If requests are independent, run them in parallel:

# Slow - sequential
for (id in ids) {
  resp <- request(paste0("https://api.example.com/items/", id)) |>
    req_perform()
}

# Fast - parallel
reqs <- lapply(ids, function(id) {
  request(paste0("https://api.example.com/items/", id))
})
resps <- req_perform_parallel(reqs, max_active = 10)

For 100 requests, this can be 10x faster or more.

Wrapping up

Making HTTP requests in R with httr2 is straightforward once you understand the basics. Start with a simple request(), add what you need (headers, auth, query params), then req_perform() to execute it.

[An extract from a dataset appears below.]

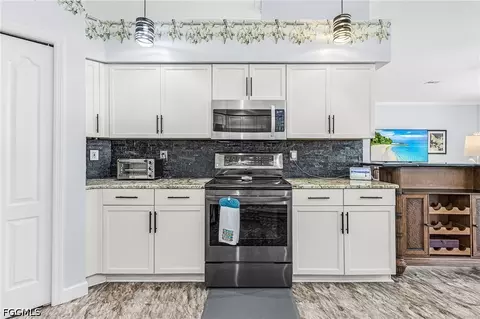 Kitchen - 9237 Lanthorn Way, Estero, FL 33928 photo 4 of 4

The key things to remember:

  • Use httr2, not httr - it's the modern standard with better features
  • Always use req_throttle() - especially with parallel requests
  • Keep secrets in environment variables - never hardcode them
  • Use req_dry_run() for debugging - see exactly what you're sending
  • Handle errors gracefully - use req_retry() for transient failures
  • Go parallel when possible - it's often 5-10x faster than sequential

Whether you're pulling data from APIs, building integrations, or automating workflows, these techniques will serve you well. The best way to learn is by doing - pick an API you're interested in and start experimenting.